Data in this exercise: Begin
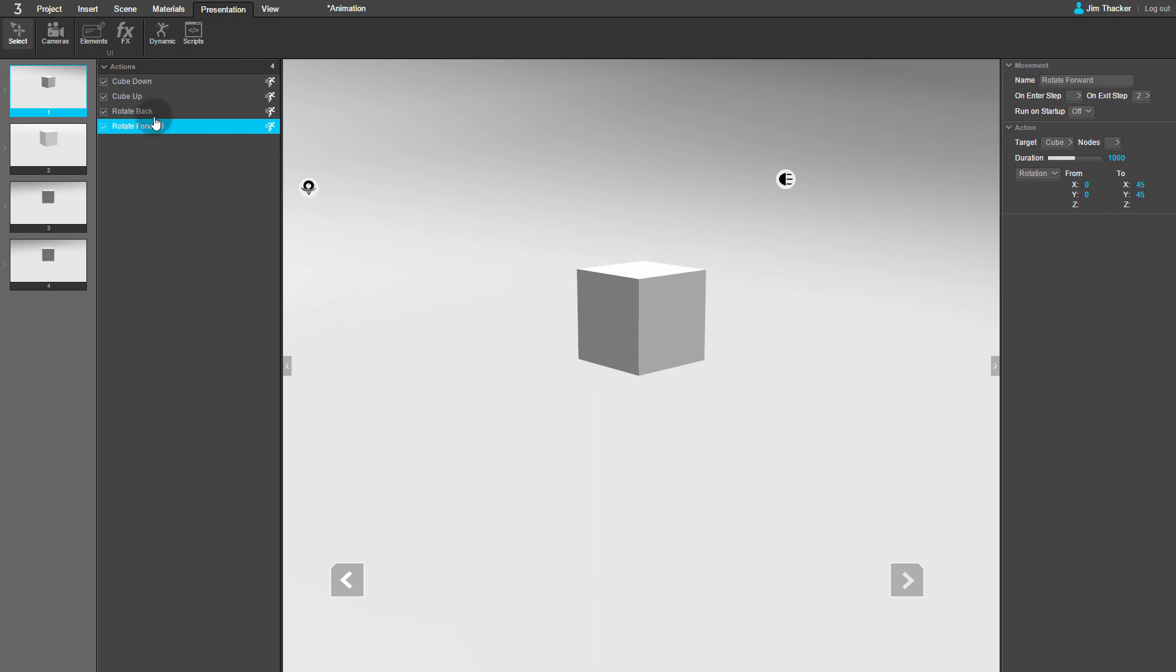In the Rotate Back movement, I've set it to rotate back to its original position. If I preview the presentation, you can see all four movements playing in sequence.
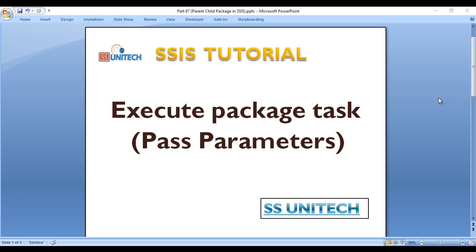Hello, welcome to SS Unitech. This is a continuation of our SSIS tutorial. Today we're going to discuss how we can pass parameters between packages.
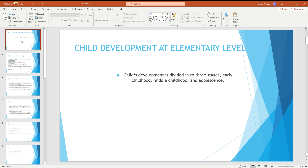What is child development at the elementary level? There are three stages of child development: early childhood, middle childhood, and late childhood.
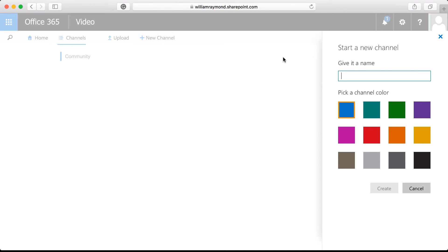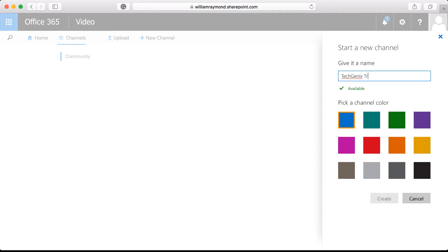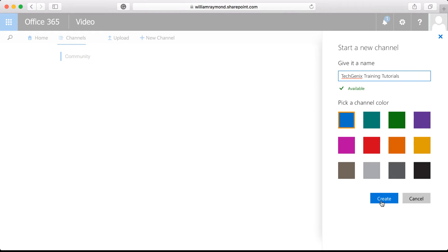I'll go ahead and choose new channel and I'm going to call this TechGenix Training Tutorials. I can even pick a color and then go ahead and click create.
Data in this exercise: End
Data in this exercise: Begin
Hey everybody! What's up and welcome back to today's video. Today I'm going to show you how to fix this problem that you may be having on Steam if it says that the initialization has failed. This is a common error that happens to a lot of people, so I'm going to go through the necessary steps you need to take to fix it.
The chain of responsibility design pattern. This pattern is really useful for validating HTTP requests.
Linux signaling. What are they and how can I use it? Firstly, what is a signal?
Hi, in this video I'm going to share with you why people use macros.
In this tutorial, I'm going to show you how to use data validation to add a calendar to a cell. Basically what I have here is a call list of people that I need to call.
Data in this exercise: End
● **Directions**
Only one stretch of the material above is wanted: the line containing "In the Rotate" through the line containing "I'll go ahead". Restate it word for word, minus the pictures.

● **Response for this exercise**
In the Rotate Back movement, I've set it to rotate back to its original position. If I preview the presentation, you can see all four movements playing in sequence.
Hello, welcome to SS Unitech. This is a continuation of our SSIS tutorial. Today we're going to discuss how we can pass parameters between packages.
What is child development at the elementary level? There are three stages of child development: early childhood, middle childhood, and late childhood.
I'll go ahead and choose new channel and I'm going to call this TechGenix Training Tutorials. I can even pick a color and then go ahead and click create.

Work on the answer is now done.